The combined treatment-cocktail :

Yunnan - I forget the second word..it begin with a B....This drug is the most important as it has been used in chinese medicine for centuries for stopping bleeds. Indeed, during the wars of the 20thC, Chinese and Vietnamese soldiers were seen swallowing a pill and putting powder on an area where they were wounded. Why? Yunnan stops a heavy bleed for a certain amount of time and thus, if you need a day or two to get help or you are not aware that someone is bleeding internally yet, it will stop the bleed from causing death. And...in each 
packet there is the emergency 'red pill'. Just one to each packet. This is used when there is a massive bleed and you need to buy time.
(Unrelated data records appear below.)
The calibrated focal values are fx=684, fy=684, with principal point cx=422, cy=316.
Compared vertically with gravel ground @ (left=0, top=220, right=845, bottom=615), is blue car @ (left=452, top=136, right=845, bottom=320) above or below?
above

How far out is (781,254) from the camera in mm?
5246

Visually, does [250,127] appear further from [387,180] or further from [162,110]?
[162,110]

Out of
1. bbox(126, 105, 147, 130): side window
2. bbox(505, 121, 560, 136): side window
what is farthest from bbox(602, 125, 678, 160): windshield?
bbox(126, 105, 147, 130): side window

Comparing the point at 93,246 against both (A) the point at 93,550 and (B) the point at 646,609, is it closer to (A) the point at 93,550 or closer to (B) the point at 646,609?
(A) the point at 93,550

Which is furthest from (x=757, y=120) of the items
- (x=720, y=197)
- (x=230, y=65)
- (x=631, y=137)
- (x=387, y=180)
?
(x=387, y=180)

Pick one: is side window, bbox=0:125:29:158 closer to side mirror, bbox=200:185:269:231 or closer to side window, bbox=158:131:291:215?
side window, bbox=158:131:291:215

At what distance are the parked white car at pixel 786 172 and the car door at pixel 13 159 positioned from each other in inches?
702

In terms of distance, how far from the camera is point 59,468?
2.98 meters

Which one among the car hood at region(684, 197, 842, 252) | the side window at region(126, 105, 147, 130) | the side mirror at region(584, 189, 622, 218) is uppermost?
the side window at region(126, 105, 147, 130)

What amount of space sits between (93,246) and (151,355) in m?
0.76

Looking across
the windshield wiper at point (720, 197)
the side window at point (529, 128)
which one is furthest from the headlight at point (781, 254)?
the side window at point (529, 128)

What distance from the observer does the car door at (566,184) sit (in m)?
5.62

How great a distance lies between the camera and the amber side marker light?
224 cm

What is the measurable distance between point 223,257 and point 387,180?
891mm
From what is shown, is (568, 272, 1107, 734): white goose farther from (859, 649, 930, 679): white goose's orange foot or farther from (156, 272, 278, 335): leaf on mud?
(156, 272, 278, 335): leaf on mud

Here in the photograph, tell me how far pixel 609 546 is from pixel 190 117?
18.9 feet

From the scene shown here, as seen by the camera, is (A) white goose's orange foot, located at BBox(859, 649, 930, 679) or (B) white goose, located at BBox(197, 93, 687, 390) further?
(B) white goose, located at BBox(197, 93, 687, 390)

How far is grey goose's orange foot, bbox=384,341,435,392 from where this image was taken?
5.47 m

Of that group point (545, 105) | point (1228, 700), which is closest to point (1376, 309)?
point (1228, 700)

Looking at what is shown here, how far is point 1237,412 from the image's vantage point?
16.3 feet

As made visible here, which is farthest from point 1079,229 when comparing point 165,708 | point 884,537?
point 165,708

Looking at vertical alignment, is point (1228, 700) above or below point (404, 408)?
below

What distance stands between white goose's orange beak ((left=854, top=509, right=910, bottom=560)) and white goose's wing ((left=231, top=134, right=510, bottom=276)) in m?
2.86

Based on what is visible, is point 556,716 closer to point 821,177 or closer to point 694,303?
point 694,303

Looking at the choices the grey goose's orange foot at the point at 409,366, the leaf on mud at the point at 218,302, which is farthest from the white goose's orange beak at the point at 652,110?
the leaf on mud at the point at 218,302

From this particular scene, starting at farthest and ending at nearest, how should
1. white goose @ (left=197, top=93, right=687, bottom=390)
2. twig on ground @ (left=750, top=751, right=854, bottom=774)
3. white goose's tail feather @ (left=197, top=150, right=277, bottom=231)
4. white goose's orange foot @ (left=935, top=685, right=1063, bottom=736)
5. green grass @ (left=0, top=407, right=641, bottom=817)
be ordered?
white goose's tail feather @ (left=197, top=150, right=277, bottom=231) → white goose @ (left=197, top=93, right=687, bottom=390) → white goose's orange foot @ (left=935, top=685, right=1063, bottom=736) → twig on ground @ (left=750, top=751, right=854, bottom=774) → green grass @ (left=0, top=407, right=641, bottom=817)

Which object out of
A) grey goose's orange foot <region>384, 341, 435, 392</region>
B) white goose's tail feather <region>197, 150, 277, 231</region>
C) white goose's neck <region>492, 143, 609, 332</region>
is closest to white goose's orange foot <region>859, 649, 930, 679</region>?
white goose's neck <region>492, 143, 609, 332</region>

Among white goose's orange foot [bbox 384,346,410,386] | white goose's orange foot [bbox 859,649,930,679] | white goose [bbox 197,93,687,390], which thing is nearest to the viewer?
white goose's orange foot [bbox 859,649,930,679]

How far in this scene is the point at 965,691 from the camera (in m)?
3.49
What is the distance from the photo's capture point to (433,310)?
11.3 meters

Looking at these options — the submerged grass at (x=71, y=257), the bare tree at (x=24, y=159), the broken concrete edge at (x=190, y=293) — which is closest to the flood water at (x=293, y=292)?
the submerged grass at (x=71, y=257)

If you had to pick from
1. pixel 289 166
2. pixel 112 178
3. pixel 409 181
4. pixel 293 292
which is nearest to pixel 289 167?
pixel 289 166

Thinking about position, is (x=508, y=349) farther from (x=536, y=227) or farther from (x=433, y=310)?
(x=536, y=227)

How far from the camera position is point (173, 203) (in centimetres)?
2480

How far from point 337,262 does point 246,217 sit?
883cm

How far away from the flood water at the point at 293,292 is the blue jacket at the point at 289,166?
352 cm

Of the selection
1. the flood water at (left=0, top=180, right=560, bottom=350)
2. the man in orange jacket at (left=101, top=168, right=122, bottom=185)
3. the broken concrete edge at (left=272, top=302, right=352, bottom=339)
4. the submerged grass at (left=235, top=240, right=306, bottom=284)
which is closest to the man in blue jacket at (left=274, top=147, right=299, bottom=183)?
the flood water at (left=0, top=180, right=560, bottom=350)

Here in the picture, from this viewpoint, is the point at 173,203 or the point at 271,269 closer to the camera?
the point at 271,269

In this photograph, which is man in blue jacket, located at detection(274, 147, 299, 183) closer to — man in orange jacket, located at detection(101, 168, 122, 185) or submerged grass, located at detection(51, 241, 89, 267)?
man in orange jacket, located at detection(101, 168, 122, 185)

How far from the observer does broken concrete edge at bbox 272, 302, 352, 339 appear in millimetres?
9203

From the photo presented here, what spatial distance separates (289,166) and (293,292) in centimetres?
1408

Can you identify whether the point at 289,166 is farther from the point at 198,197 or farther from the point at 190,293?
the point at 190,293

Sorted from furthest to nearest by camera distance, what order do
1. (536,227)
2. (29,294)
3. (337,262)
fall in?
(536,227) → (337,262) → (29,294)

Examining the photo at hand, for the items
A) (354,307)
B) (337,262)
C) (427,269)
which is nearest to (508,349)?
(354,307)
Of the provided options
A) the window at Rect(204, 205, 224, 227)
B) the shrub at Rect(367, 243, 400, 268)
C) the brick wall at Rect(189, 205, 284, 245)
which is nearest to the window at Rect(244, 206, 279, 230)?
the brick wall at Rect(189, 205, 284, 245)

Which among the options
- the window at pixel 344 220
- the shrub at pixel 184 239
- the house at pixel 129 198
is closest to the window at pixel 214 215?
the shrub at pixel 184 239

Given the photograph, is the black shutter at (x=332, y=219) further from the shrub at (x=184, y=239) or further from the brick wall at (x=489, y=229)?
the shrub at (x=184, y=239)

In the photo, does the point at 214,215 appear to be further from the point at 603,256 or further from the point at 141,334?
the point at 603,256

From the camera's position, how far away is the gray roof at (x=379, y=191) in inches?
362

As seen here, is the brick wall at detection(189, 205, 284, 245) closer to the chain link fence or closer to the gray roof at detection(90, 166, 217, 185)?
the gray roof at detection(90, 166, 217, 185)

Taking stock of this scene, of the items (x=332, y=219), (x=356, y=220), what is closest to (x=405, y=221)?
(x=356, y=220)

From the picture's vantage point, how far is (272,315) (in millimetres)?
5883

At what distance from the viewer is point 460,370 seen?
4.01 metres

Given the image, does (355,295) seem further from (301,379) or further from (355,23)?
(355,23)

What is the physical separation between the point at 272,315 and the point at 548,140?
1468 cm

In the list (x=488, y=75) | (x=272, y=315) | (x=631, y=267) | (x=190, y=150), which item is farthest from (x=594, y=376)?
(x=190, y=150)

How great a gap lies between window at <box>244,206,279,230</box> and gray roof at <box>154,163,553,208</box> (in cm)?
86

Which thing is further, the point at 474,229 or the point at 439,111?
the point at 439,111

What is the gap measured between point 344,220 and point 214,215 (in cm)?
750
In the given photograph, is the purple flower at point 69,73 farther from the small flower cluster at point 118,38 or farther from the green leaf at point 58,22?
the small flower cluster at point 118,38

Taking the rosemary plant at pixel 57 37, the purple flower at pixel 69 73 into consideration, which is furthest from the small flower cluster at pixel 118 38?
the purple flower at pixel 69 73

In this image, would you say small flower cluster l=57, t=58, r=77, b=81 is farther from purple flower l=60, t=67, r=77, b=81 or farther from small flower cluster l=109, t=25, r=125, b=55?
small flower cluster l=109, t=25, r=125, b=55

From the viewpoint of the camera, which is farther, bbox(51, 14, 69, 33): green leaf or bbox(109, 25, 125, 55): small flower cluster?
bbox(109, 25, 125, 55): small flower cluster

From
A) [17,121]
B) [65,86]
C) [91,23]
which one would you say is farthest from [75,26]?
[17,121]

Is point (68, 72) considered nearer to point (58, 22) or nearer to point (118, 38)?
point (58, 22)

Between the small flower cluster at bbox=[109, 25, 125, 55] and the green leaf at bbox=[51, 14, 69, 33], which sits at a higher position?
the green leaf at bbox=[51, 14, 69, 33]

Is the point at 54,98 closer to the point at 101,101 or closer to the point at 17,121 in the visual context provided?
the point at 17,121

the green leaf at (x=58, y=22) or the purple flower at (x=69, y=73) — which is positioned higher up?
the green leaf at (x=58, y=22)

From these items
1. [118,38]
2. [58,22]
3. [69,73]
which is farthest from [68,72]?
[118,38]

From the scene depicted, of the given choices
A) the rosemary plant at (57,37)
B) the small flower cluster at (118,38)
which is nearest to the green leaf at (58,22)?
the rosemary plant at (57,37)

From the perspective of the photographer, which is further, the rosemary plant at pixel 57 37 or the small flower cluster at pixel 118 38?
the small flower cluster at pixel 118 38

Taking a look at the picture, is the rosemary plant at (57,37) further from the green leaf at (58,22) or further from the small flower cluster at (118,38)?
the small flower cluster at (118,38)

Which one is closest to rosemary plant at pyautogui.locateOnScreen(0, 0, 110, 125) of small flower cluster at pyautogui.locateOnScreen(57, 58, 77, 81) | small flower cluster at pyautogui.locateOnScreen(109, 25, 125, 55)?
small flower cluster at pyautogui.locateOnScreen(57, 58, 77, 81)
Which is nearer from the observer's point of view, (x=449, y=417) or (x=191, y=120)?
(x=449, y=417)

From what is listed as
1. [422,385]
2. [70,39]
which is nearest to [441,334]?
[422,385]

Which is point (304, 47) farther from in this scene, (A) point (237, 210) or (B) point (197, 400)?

I know this works as I was so attuned to Cara that i gave it to her when she was getting lethargic about two days before she died..but she was still acting normal. By doing so, I staved off the bleed that took her life two days later and it gave her time to feel great. I actually thought I had overreacted as she recovered and was running and playing and we did all her favorite things on her last day ...until she collapsed that night from the bleed. At Cornell...they told me that by giving her the red pill...I had extended her life by two days as this was a massive bleed from the Hemangio spreading. That, alone...made it all worth it. Get the 'Yunnan' and put those little red pills around your neck in something safe.
For a dog doing well with Hermangi therapy....the yunnan and its emergency pill is ESSENTIAL

Chemos - The two chemos (standard and metronome) should be done but again..as our Vet said...this is a vicious cancer. Some dogs do great for 6 months with this treatment alone as a median...although,some still pass after a few weeks...the lucky few live longer than 6-9 months.

Chinese Mushrooms Supplements -' I'M-YUNITY ' is the vet guaranteed brand. (you must get the ones recommended by Vets...there are many cheap,fake versions out there) - The Chinese mushrooms (forgot name but anyone who knows about them...will know the name) They work and they are expensive. If your dog is prone to fighting the Hemangio for a good period of time...studies have shown that the mushrooms have longer survival rates in combination or just alone...than the chemo. They are used for human cancers and research is being done to show the level of benefits. 

Diet and certain supplements - One should get the 'Cancer survival guide for dogs' (Not sure if that is the 'specific title'. I am sorry..I tossed the book as soon as Cara died..never wanting to see it again) but.....the cancer-fighting food diet with certain supplements was agreed on as helpful by my partner and our Vet friend who is a bit more Eastern medicine based. I will say that when Cara had the brief periods when she wasn't hungry...If I cooked up a new batch of one of the main ingredients (chicken with brown rice and broccoli)...she'd gobble it down. 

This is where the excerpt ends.